Ethics and dissemination Ethical approval was received by the independent ethics committee (IEC) of the Goethe-University Frankfurt on 9 April 2020 including the patient information material and informed consent form. All protocol amendments must be reported to and adapted by the IEC. The results from this study will be submitted to peer-reviewed journals and reported at suitable national and international meetings.
Trial registration number DRKS00019098.
- accident & emergency medicine
- adult gastroenterology
- adult surgery
This is an open access article distributed in accordance with the Creative Commons Attribution Non Commercial (CC BY-NC 4.0) license, which permits others to distribute, remix, adapt, build upon this work non-commercially, and license their derivative works on different terms, provided the original work is properly cited, appropriate credit is given, any changes made indicated, and the use is non-commercial. See: http://creativecommons.org/licenses/by-nc/4.0/.

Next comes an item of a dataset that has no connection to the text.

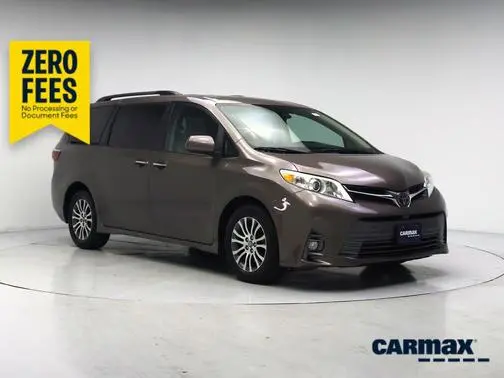 2020 Toyota Sienna XLE FWD photo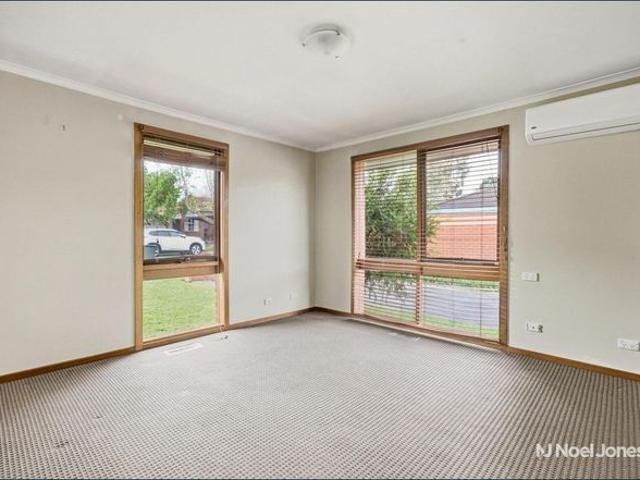 Easy Living In Central Ringwood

Statistics from Altmetric.com
Strengths and limitations of this study
This is the first prospective study to examine the diagnostic accuracy of an app-based diagnostic tool in an emergency room and the impact on clinical outcomes.
The study will be conducted in a real-life setting to investigate the performance in a high stress environment and to provide rationale for routine clinical application.
The double-blinded design will avoid bias regarding research findings.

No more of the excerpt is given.